Vier jaar geleden lagen de cijfers net omgekeerd en was er dus een licht overwicht van mannen binnen de magistratuur. Het huidige overwicht aan vrouwen komt het best tot uiting bij de zetels van de rechtbanken van eerste aanleg en de arbeidsrechtbanken, met respectievelijk 60 en 63 procent vrouwen. Bij de hoven van beroep is de verdeling van de zetels vandaag zo goed als gelijk, terwijl vrouwelijke magistraten daar vier jaar geleden slechts 40 procent van de dienst uitmaakten. Bij de arbeidshoven is het percentage intussen ook toegenomen van 33 naar 40 procent.

Mannenbastions

Op het hoogste niveau wijzigde de verhouding nauwelijks: bij het Hof van Cassatie is nog steeds 85 procent van de magistraten mannelijk. Ook de laagste rechtscolleges, de vredegerechten en politierechtbanken, blijven mannenbastions.

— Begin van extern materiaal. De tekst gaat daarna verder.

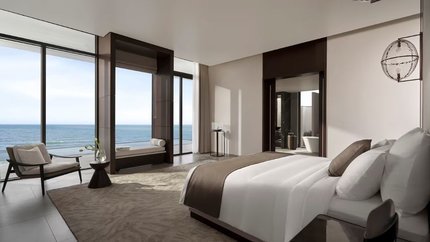 Không gian phòng ngủ với thiết kế tinh tế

In beide rechtbanktypes wordt de zetel in maar één op de drie gevallen bezet door een vrouw. “De oude generatie is nog mannelijk, maar te vermoeden valt dat ook hier langzamerhand de vervrouwelijking haar intrede zal doen”, besluit Van Vaerenbergh.

Tot slot blijkt het totale aantal magistraten de afgelopen vier jaar te zijn toegenomen, ondanks alle onheilsberichten.